* _MATERIAL PROVIDED_

______________________________

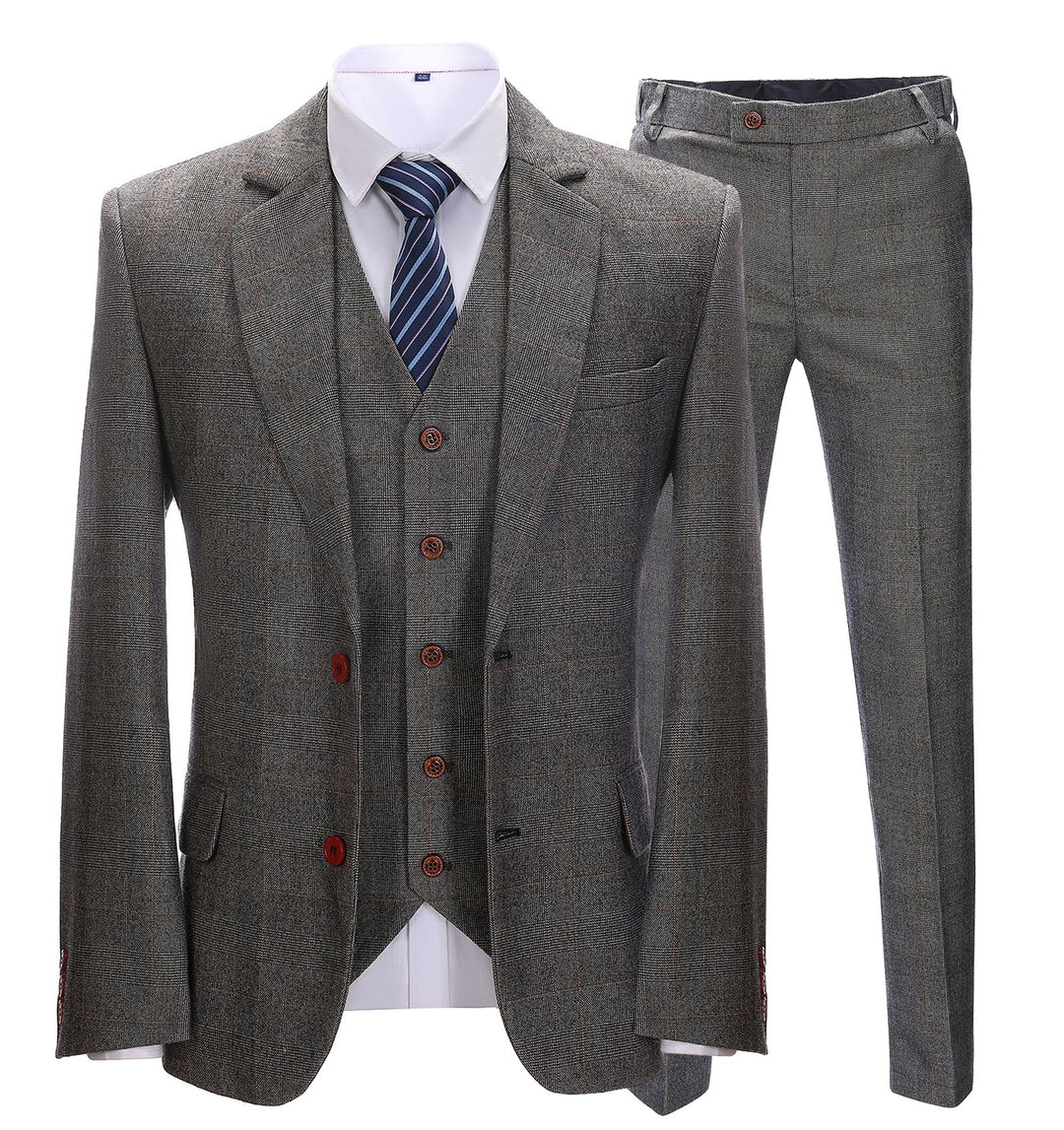 Men's Business 3 Pieces Formal Grey Tweed Notch Lapel Suit (Blazer+vest+Pants) Adam Reed
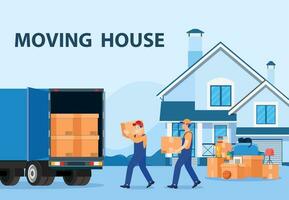 Delivery service concept. moving house. Man with cardboard boxes. Truck for transportation of goods loaded with cardboard boxes. Delivery truck with a bunch of boxes. Vector illustration in flat style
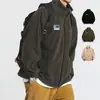 Chaqueta de estudiante con cuello alto de forro polar para pareja, abrigo casual de lana de cordero, chaqueta estilo japonés, sudadera de forro polar para hombre, otoño e invierno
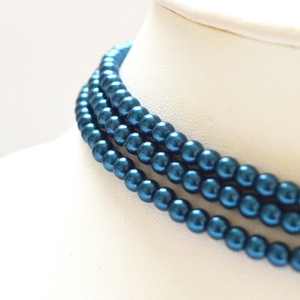 3 soros olajkék üvegtekla kaláris - 4 mm-es gyöngyből - ékszer - nyaklánc - párhuzamos nyaklánc - Meska.hu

______________________________

* _TASK BRIEF_
Give the listing again exactly, but omit each image.

* _YOUR RESPONSE_
 Men's Business 3 Pieces Formal Grey Tweed Notch Lapel Suit (Blazer+vest+Pants) Adam Reed
 Delivery service concept. moving house. Man with cardboard boxes. Truck for transportation of goods loaded with cardboard boxes. Delivery truck with a bunch of boxes. Vector illustration in flat style
 Chaqueta de estudiante con cuello alto de forro polar para pareja, abrigo casual de lana de cordero, chaqueta estilo japonés, sudadera de forro polar para hombre, otoño e invierno
 3 soros olajkék üvegtekla kaláris - 4 mm-es gyöngyből - ékszer - nyaklánc - párhuzamos nyaklánc - Meska.hu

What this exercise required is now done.